Casting between address spaces and address space semantics

Hi Mon Ping,

I don't have a problem having another class, TargetAddrSpace, to store this
information. However, I don't think it make sense being a standalone pass.
Address spaces seems to part of the TargetData and it seems more natural
to ask the TargetData to return the TargetAddrSpace object (similar to
struct layout) to describe the relationships between address spaces.

This is pretty much what I did in my first patch, but Chris didn't like it.
Currently, the TargetData class can be completely described using it's string
representation (which is also stored inside a module). Adding address space
information to target data breaks this, unless we also make a string
representation of the address spaces that we can put in a module.

I think that having a seperate class is somewhat cleaner, since it also makes
sure that this info is only made available to the passes that actually use it.

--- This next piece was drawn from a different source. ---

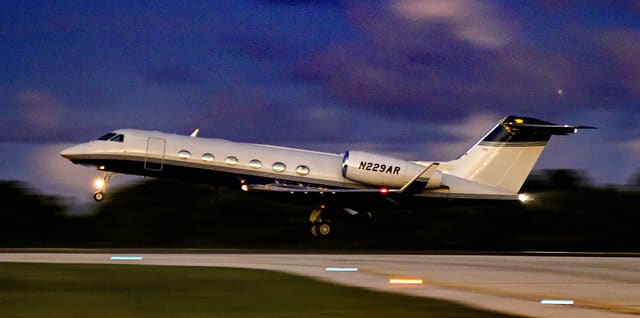 N229AR - Business jet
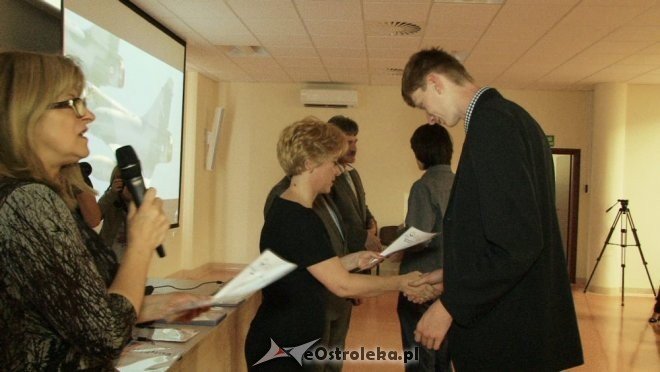 Certyfikaty Młodzieżowej Akademii Umiejętności [26.06.2012] - zdjęcie #17 - eOstroleka.pl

BTW, there is a comment in TargetAddrspaces.h that indicate the default is
that all address spaces are equivalent. I assume you meant disjoint here.

Uh, yeah :slight_smile:

The last part of this patch is an addition to InstCombine to make use of
this information: It removes any bitcasts from a subset to a superset
address space. It gets at the address space information by requiring the
TargetAddrspaces analysis, which will give it the default implementation in
all current tools.

For the case of a GetElementPointer, we are replacing a bitcast to a
pointer, getelem with a getelem bitcast. The assumption is the latter
bitcast will hopefully go away when we iterate through those uses.

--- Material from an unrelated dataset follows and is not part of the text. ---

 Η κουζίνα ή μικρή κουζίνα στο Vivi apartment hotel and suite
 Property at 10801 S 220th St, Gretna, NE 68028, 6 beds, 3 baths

Uh? Is this a comment about what the current code or my patch does, or what it
should do? I don't understand what you mean here.

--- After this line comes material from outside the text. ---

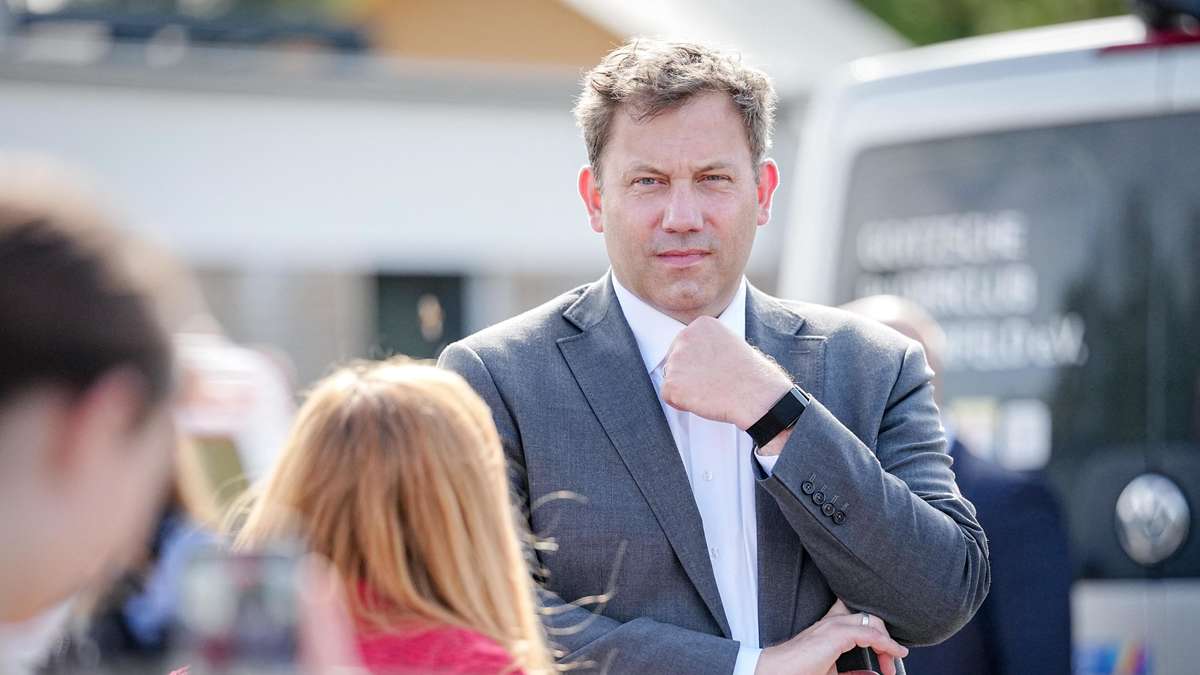 Ölkonzerne profitieren von hohen Spritpreisen – Finanzminister fordert EU-weite Übergewinnsteuer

Mon Ping suggests using address space information for alias analysis as
well, which seems to make sense. In effect this is a form of type-based
alias analysis, but different address spaces don't preclude pointers from
being equal. A problem here is that pointers in disjoint address spaces
would be marked as not aliasing, but when the default relation is disjoint
this is not so conservative. This might require an extra option "Unknown",
which can be used as the default instead of "Disjoint". For Unknown, any
pass can do the conservative thing.

What I'm suggesting is that Alias Analysis can be a client to where we
store address space information. In the example you gave, alias analysis
will examine two memory locations, ask the TargetAddressSpace what the
relationship is and if it is disjoint, it will return no alias. If the
address spaces are in subset relationship, the alias analysis returns maybe
unless it has more information. If a client doesn't tell the compiler the
correct address space information, the client shouldn't expect correct
answers from coming out of the compiler.

True, anyone actually using address space should make sure that this info is
correct anyway. So, no need for an unknown default?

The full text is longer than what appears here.